--- Exercise description ---
From the records below, print only the part that opens with the line containing "AllSaints koszula lniana TRI" and closes with the line containing "Aplique LED Cilíndrico"; omit the pictures.

--- Data to use ---
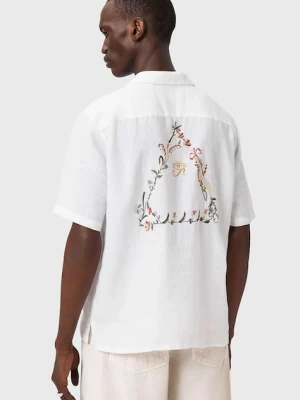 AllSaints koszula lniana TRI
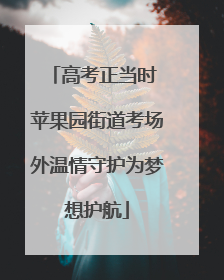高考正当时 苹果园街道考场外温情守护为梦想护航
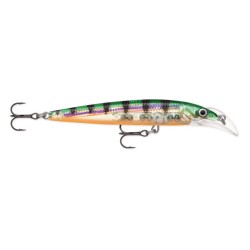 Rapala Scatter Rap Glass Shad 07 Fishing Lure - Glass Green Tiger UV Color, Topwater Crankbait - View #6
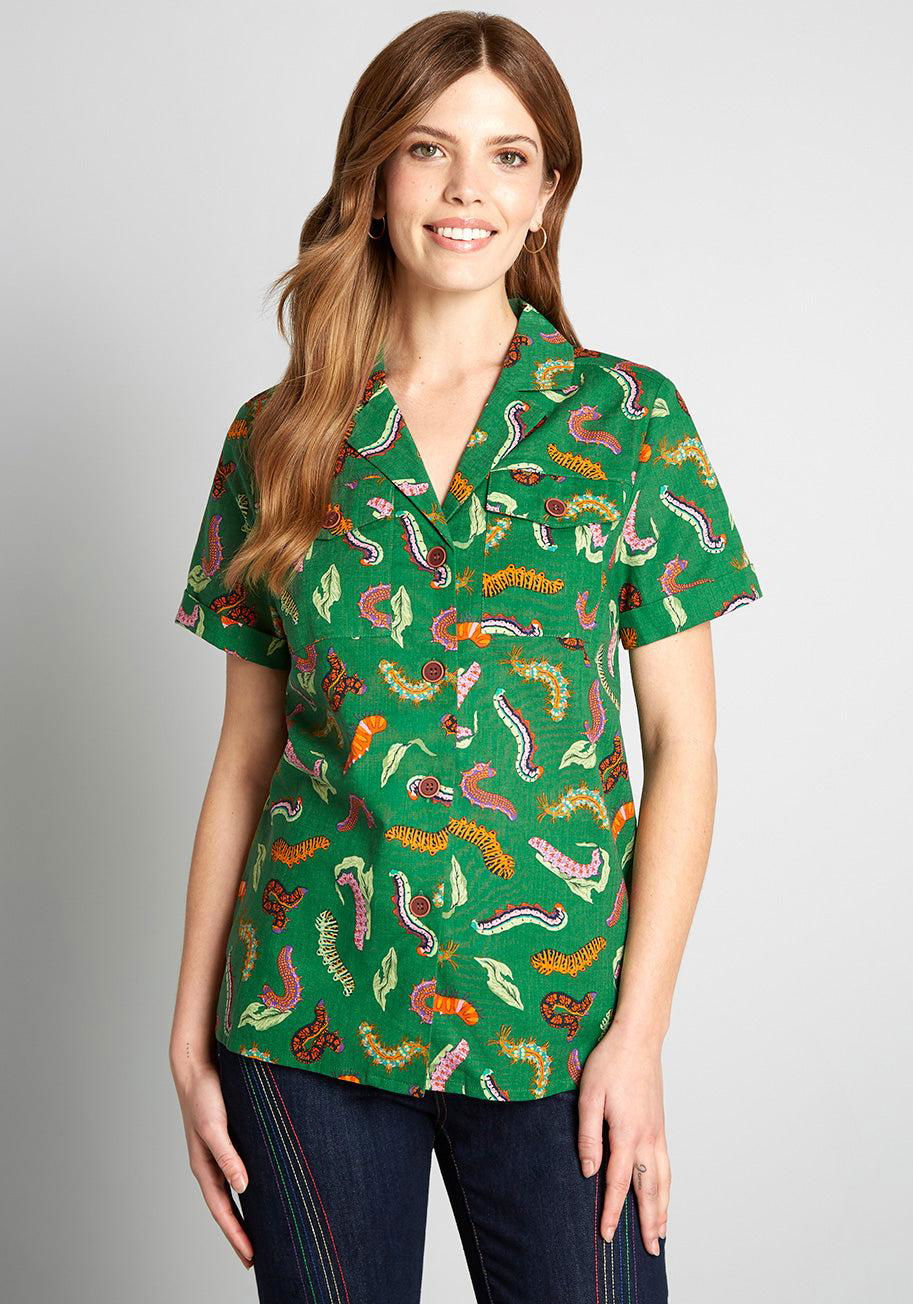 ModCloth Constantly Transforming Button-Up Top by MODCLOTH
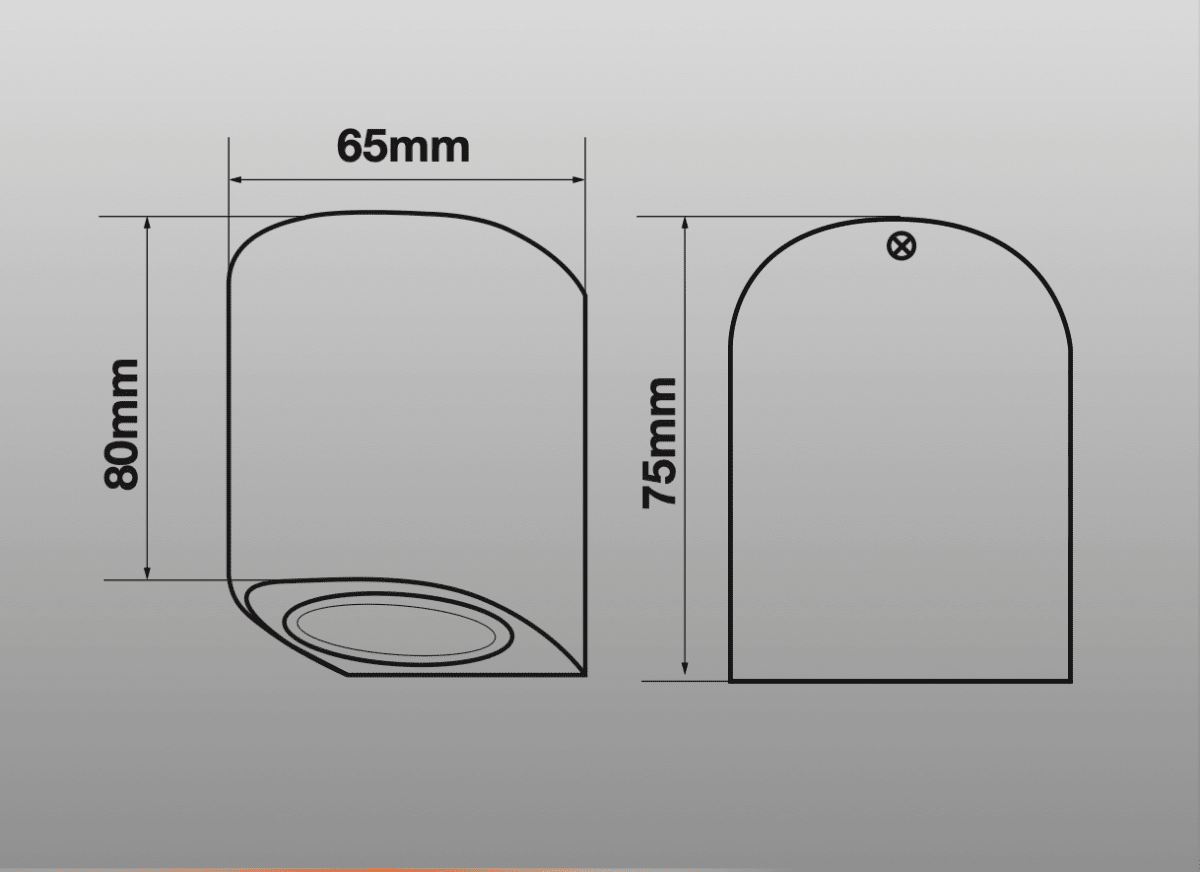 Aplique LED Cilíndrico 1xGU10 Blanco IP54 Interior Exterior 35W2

--

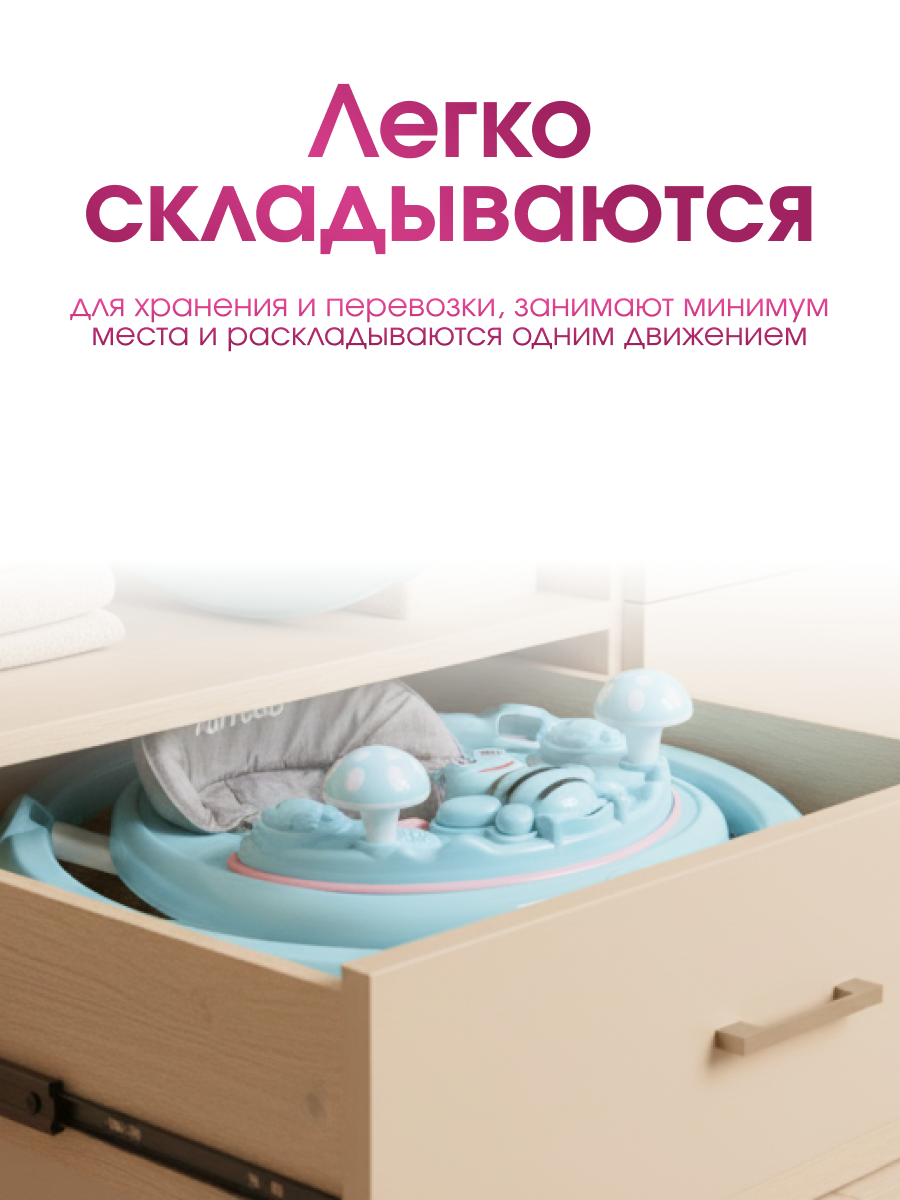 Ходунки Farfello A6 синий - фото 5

* * *

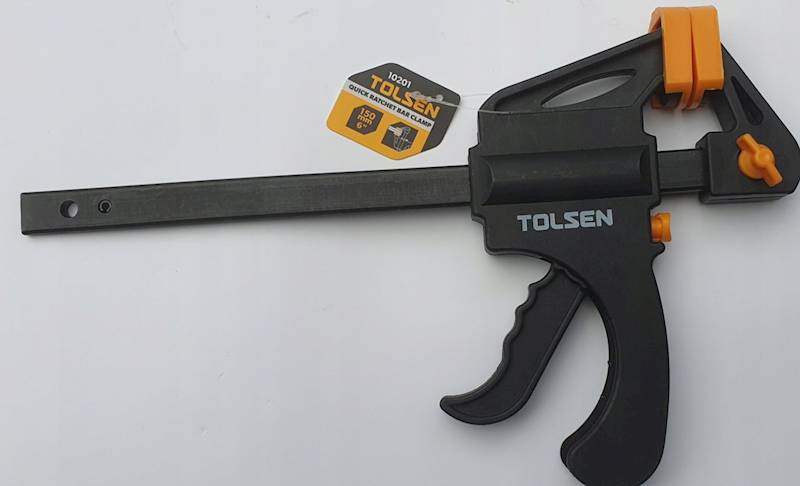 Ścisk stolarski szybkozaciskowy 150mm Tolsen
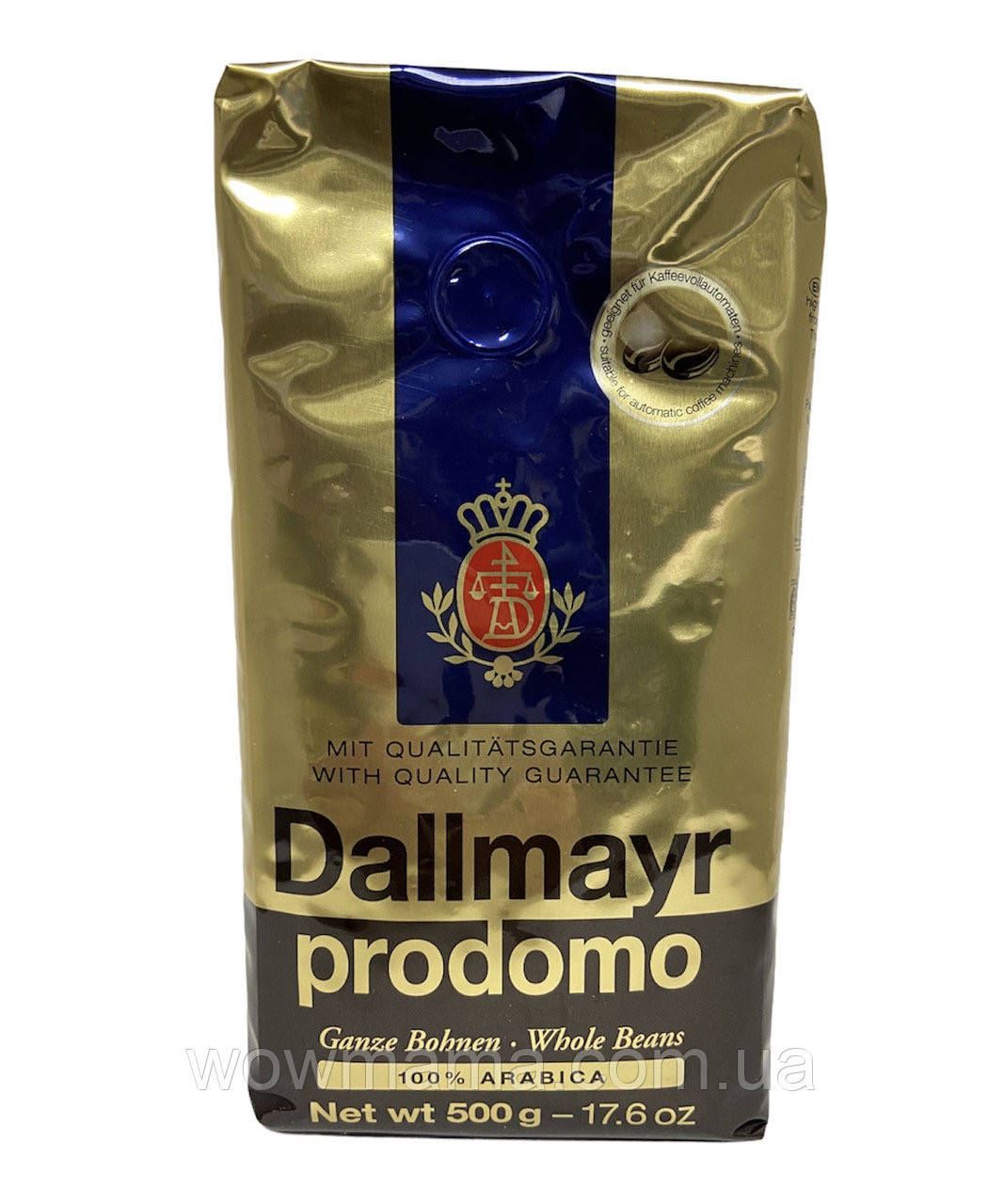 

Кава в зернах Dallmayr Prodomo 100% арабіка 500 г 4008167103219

--- Expected output ---
 AllSaints koszula lniana TRI
高考正当时 苹果园街道考场外温情守护为梦想护航
 Rapala Scatter Rap Glass Shad 07 Fishing Lure - Glass Green Tiger UV Color, Topwater Crankbait - View #6
 ModCloth Constantly Transforming Button-Up Top by MODCLOTH
 Aplique LED Cilíndrico 1xGU10 Blanco IP54 Interior Exterior 35W2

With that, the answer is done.